— EXERCISE GOAL —
Exclude all pictures, then copy each of the records exactly as written.

— THE INPUT —
[Start of Attachment]

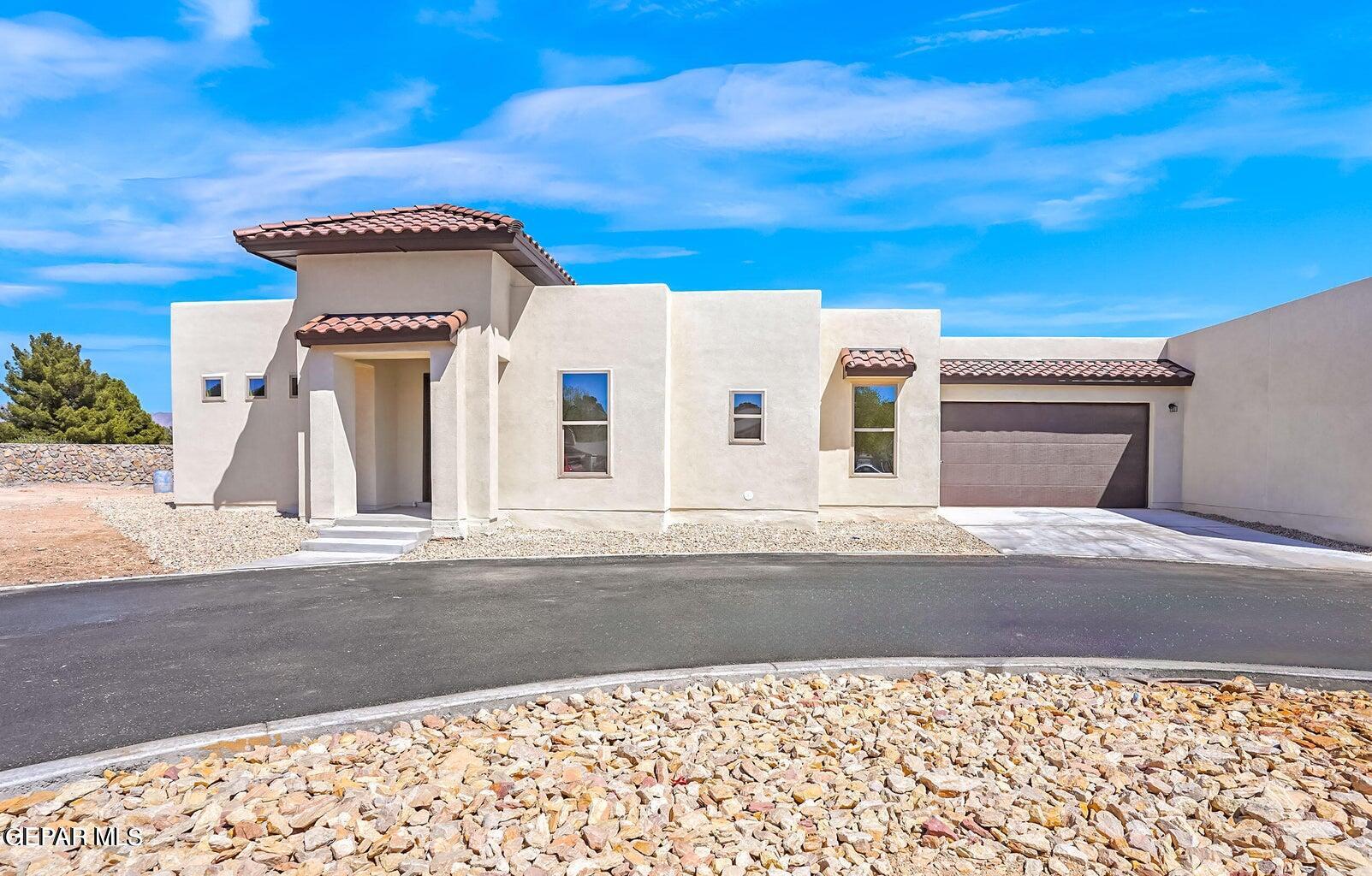 871 COUNTRY CLUB Road 4B, El Paso, TX 79932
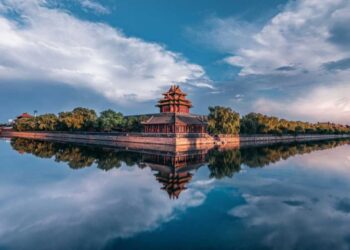 China holidays 2027 Forbidden City Beijing cruise and stay tour from the UK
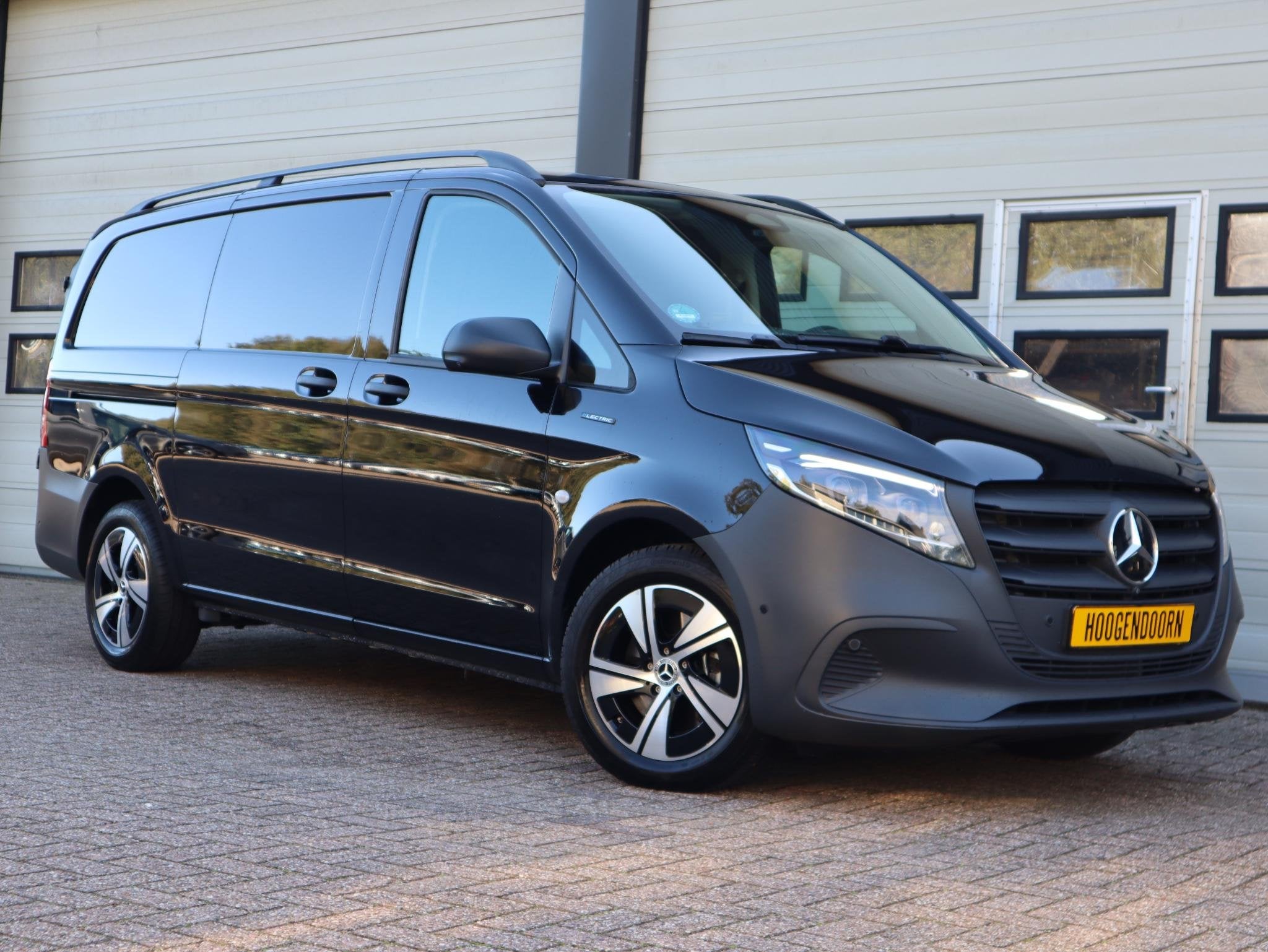 Mercedes-Benz eVito eVito 129 90 kWh L2 Lang Multibeam LED -, Auto's, Stof, Gebruikt, Mercedes-Benz, 2354 kg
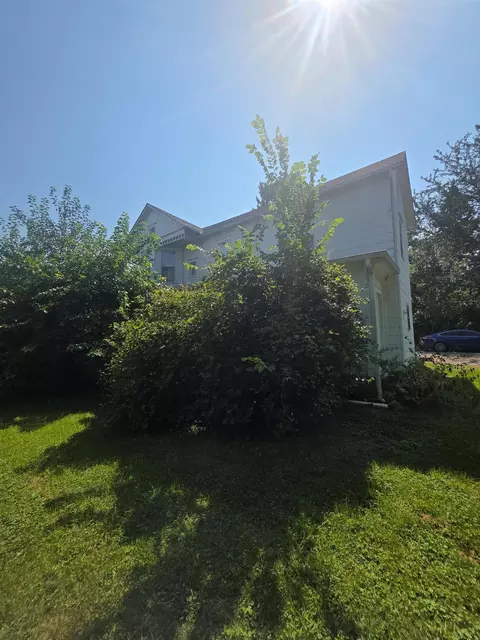 Exterior - 1110 S Oak, Freeport, IL 61032 photo 1 of 4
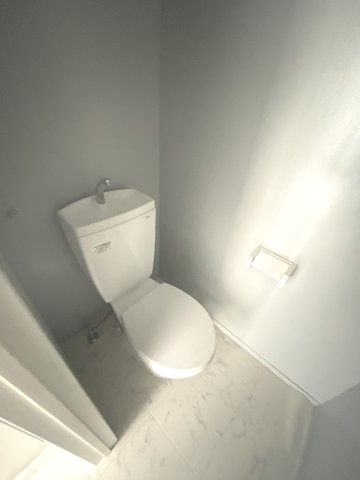 トイレ　(参考)同マンション反転のお写真です 間取り図を参照してくだ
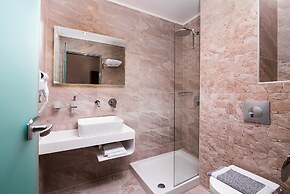 Diamond Hotel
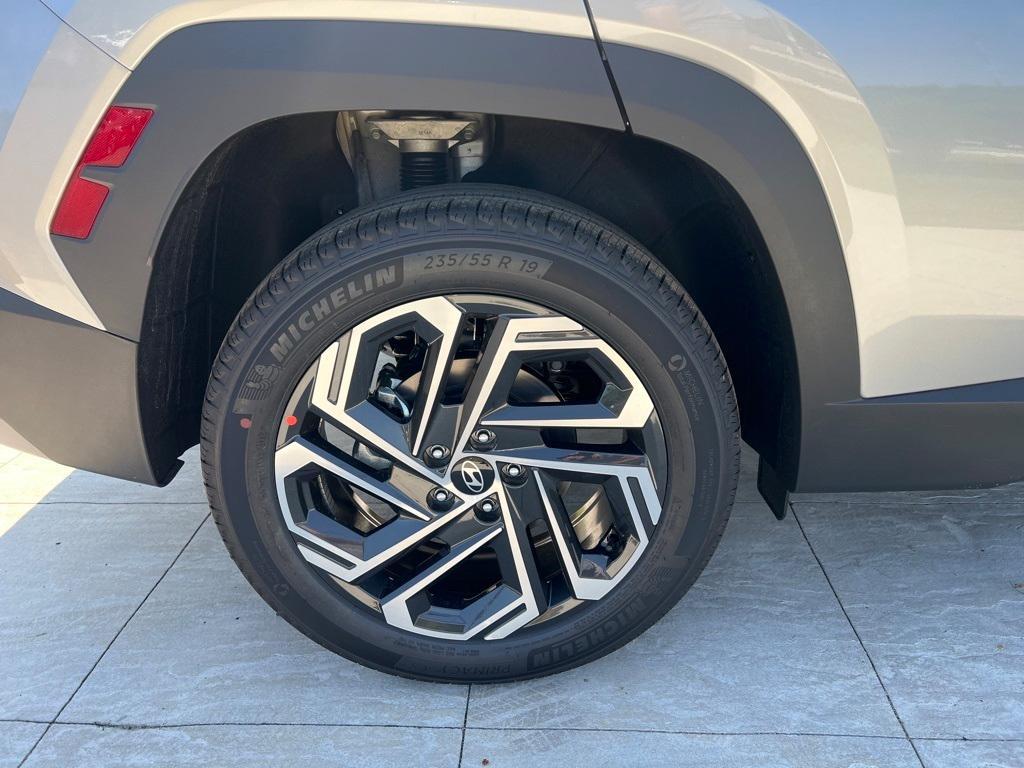 new 2025 Hyundai Tucson car, priced at $41,640
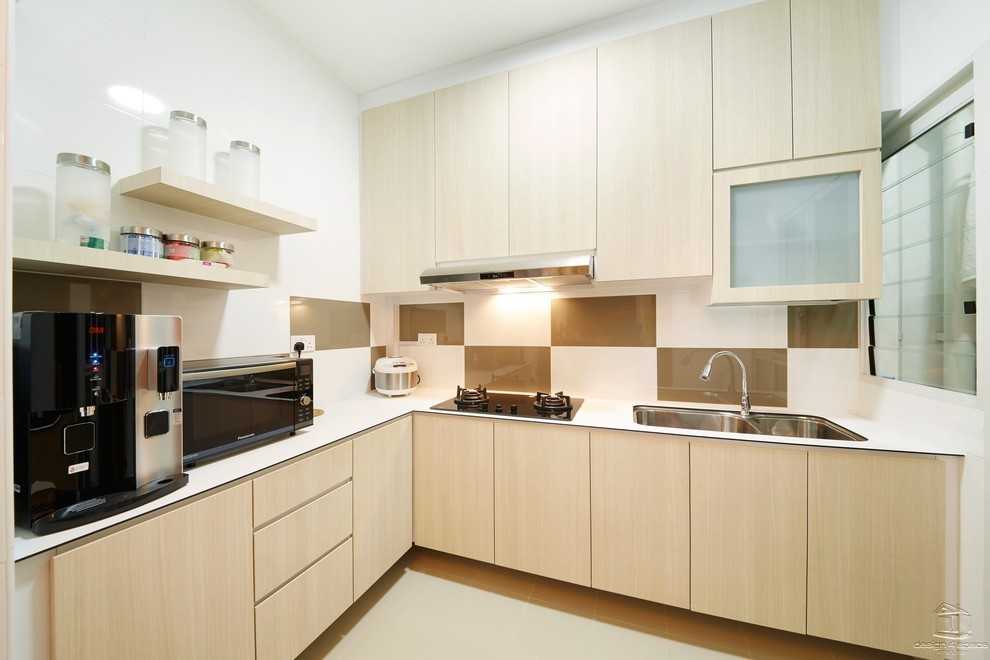 Contemporary Kitchen with Wood Flooring and Kitchen Island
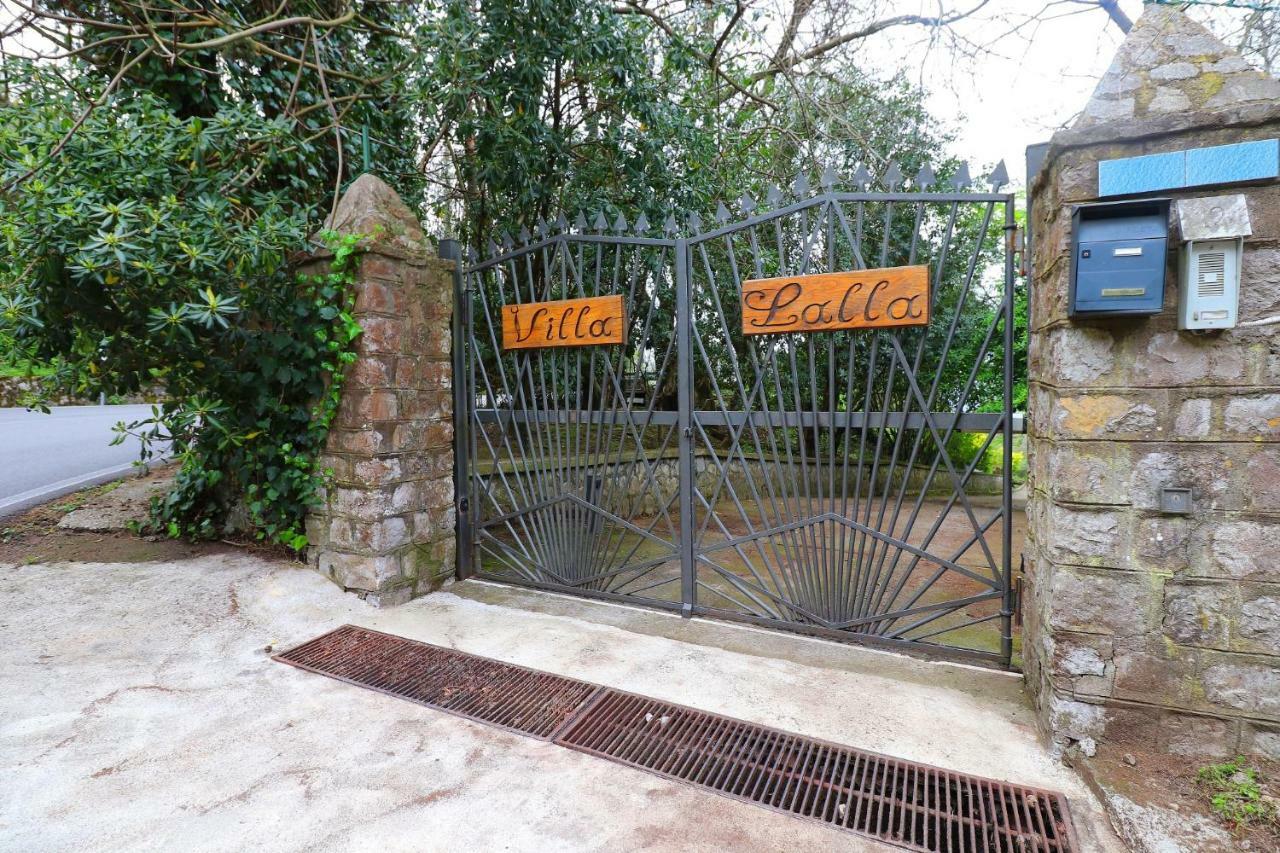 Privata Con Biliardo E Vista Sul Golfo Di Napoli Villa Sorrente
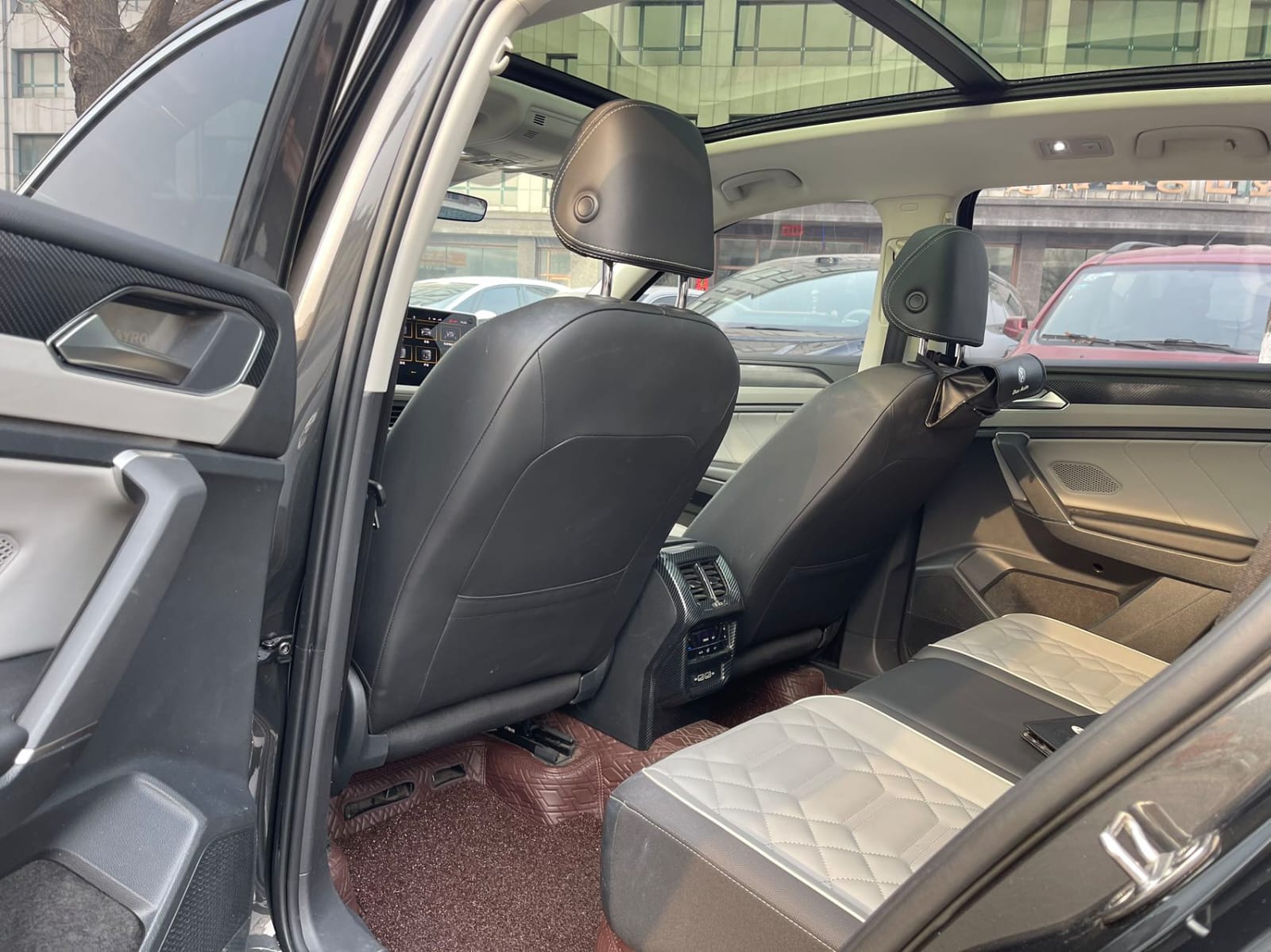 Volkswagen Tayron 1.4T 280TSI Deluxe PLUS Premium Edition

[End of Attachment]

— TASK OUTPUT —
 871 COUNTRY CLUB Road 4B, El Paso, TX 79932
 China holidays 2027 Forbidden City Beijing cruise and stay tour from the UK
 Mercedes-Benz eVito eVito 129 90 kWh L2 Lang Multibeam LED -, Auto's, Stof, Gebruikt, Mercedes-Benz, 2354 kg
 Exterior - 1110 S Oak, Freeport, IL 61032 photo 1 of 4
 トイレ　(参考)同マンション反転のお写真です 間取り図を参照してくだ
 Diamond Hotel
 new 2025 Hyundai Tucson car, priced at $41,640
 Contemporary Kitchen with Wood Flooring and Kitchen Island
 Privata Con Biliardo E Vista Sul Golfo Di Napoli Villa Sorrente
 Volkswagen Tayron 1.4T 280TSI Deluxe PLUS Premium Edition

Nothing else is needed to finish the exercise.